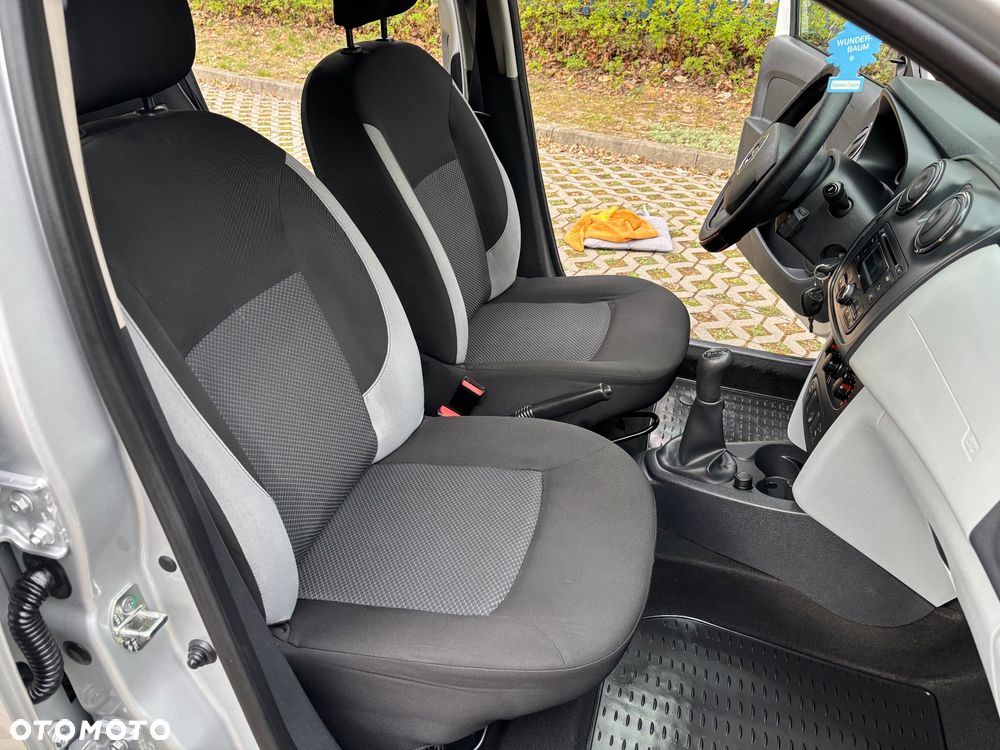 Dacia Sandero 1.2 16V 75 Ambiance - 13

...

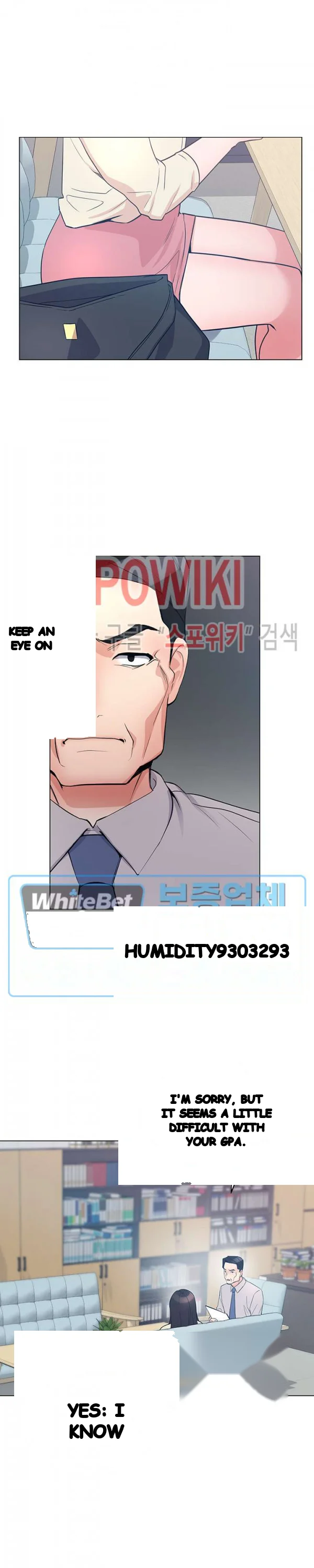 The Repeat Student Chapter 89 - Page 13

...

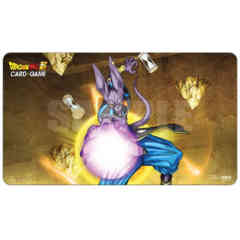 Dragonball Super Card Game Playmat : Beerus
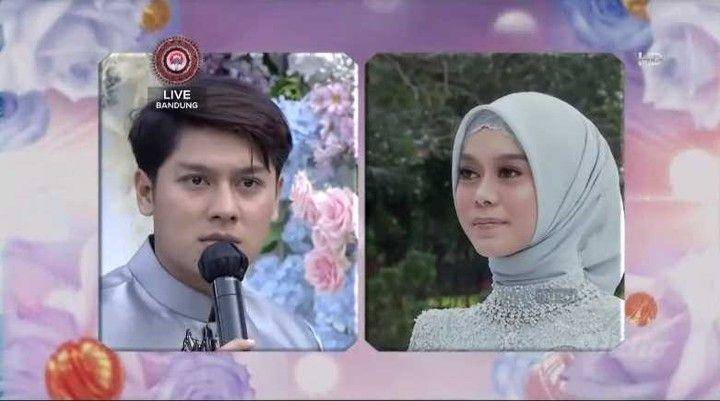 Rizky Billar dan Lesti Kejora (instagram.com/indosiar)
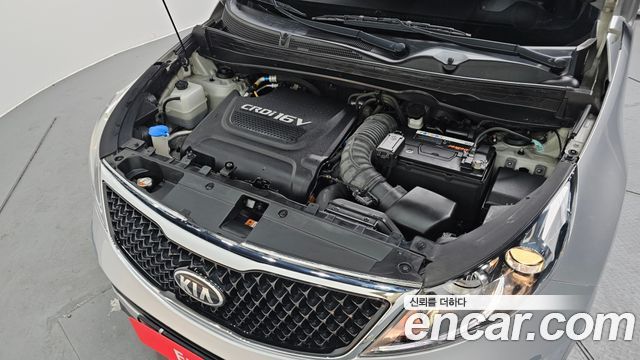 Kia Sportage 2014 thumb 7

### ASSIGNMENT
Give back the exact lines above, running from the one that has "Dragonball Super Card Game Playmat : Beerus" through the one that has "Kia Sportage 2014 thumb 7", with nothing added and no pictures.

### ANSWER TO THE PROBLEM
 Dragonball Super Card Game Playmat : Beerus
 Rizky Billar dan Lesti Kejora (instagram.com/indosiar)
 Kia Sportage 2014 thumb 7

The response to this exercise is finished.